= Beginning of Section =

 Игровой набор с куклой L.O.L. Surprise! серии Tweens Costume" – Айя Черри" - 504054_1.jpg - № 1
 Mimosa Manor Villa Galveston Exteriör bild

= End of Section =
= Beginning of Section =

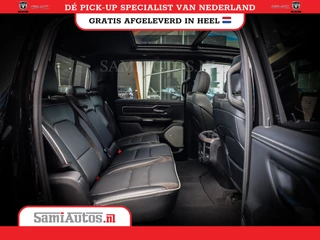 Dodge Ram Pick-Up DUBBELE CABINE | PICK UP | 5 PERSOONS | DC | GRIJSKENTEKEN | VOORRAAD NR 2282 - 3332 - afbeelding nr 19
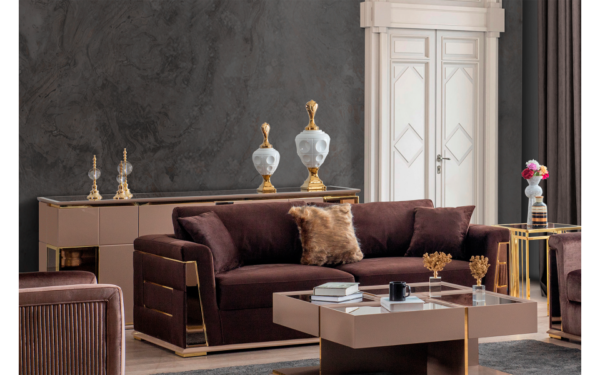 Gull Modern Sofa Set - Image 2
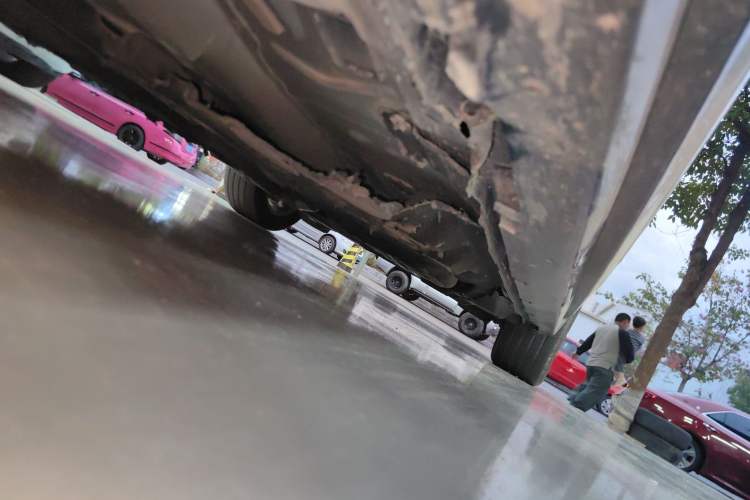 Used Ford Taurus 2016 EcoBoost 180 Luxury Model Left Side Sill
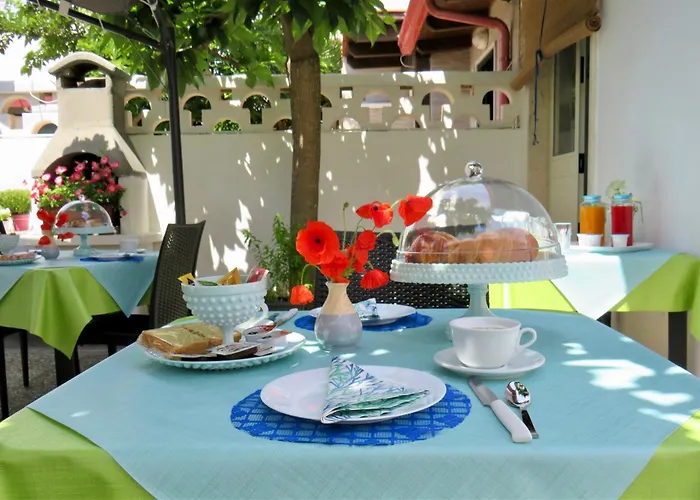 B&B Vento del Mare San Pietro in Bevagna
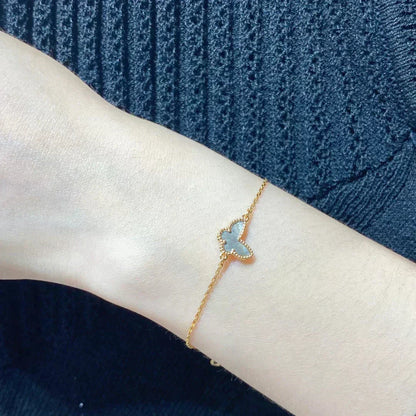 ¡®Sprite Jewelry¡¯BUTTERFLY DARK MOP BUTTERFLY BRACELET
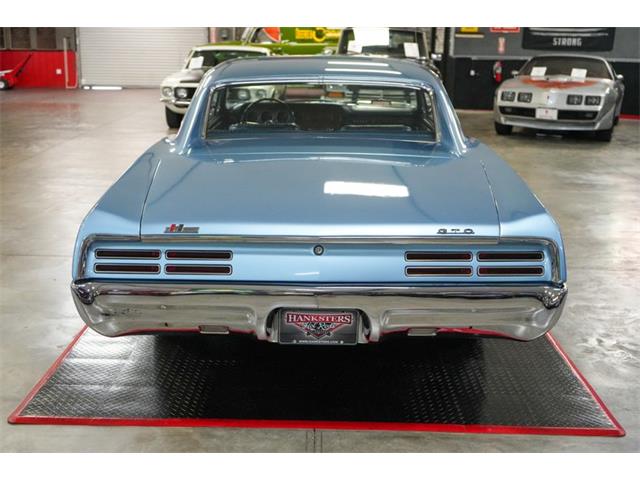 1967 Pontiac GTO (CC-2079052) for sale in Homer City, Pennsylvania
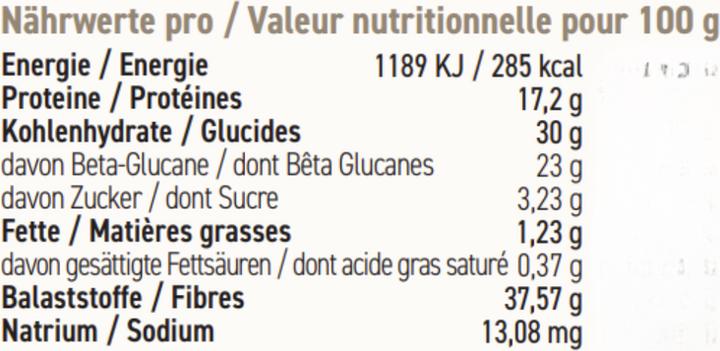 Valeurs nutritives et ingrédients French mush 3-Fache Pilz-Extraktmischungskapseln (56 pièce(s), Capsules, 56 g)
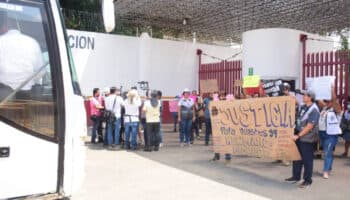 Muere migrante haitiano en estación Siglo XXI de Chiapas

= End of Section =

**TASK ITEM**
Look above for the line with "Игровой набор с"; retype exactly that line, every line after it up to the line with "Mimosa Manor Villa Galveston Exteriör bild", and that line too, nothing else.

**TASK OUTPUT**
 Игровой набор с куклой L.O.L. Surprise! серии Tweens Costume" – Айя Черри" - 504054_1.jpg - № 1
 Mimosa Manor Villa Galveston Exteriör bild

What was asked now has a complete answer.